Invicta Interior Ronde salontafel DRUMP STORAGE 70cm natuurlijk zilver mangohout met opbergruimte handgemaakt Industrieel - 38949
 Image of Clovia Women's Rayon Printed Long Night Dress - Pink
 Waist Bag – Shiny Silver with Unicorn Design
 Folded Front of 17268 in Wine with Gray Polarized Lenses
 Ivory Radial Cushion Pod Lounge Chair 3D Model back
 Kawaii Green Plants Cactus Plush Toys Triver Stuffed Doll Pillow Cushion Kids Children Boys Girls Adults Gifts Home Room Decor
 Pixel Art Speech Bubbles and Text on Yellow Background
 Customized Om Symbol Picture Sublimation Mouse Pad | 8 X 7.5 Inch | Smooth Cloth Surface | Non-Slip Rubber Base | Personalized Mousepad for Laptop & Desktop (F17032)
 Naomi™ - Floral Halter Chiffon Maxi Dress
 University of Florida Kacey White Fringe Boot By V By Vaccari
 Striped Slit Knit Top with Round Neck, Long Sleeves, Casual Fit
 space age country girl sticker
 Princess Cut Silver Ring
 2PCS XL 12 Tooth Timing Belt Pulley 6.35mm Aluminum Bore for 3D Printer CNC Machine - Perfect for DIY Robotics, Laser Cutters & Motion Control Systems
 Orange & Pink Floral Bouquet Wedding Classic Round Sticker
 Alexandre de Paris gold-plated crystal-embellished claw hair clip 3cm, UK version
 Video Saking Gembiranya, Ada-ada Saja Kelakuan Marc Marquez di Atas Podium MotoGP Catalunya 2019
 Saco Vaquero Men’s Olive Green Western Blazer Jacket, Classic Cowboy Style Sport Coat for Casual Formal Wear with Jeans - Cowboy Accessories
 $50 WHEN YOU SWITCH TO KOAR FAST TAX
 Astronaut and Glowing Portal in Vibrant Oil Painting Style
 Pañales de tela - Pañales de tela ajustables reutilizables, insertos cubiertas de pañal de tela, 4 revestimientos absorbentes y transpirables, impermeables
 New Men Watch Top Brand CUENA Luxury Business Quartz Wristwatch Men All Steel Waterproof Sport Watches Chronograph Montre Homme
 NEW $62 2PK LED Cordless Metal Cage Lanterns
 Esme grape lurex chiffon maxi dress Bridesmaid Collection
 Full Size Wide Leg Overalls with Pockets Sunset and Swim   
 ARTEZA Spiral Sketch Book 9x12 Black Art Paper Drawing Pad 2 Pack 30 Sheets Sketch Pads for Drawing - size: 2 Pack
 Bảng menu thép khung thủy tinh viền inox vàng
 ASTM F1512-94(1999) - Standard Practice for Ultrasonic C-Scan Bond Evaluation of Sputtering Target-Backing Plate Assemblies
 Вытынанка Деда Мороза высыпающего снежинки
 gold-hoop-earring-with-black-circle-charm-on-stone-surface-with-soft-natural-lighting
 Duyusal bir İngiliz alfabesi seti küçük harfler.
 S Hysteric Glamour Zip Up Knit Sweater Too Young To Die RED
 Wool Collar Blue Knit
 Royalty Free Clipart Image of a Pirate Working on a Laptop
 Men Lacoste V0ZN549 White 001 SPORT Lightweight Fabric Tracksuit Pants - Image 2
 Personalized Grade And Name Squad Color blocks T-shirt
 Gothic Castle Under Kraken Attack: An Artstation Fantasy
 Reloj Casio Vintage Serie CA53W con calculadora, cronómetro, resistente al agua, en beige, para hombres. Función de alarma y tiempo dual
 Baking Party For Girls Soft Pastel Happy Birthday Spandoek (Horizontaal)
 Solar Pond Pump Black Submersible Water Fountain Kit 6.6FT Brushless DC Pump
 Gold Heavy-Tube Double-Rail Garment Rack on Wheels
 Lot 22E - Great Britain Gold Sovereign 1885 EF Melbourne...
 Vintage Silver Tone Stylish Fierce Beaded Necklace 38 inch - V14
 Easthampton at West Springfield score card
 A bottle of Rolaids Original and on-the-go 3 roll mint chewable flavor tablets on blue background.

Instructions to follow: Set down exactly the lines that begin with the one containing "Royalty Free Clipart" and end with the last line above, and no others.

Task response:
 Royalty Free Clipart Image of a Pirate Working on a Laptop
 Men Lacoste V0ZN549 White 001 SPORT Lightweight Fabric Tracksuit Pants - Image 2
 Personalized Grade And Name Squad Color blocks T-shirt
 Gothic Castle Under Kraken Attack: An Artstation Fantasy
 Reloj Casio Vintage Serie CA53W con calculadora, cronómetro, resistente al agua, en beige, para hombres. Función de alarma y tiempo dual
 Baking Party For Girls Soft Pastel Happy Birthday Spandoek (Horizontaal)
 Solar Pond Pump Black Submersible Water Fountain Kit 6.6FT Brushless DC Pump
 Gold Heavy-Tube Double-Rail Garment Rack on Wheels
 Lot 22E - Great Britain Gold Sovereign 1885 EF Melbourne...
 Vintage Silver Tone Stylish Fierce Beaded Necklace 38 inch - V14
 Easthampton at West Springfield score card
 A bottle of Rolaids Original and on-the-go 3 roll mint chewable flavor tablets on blue background.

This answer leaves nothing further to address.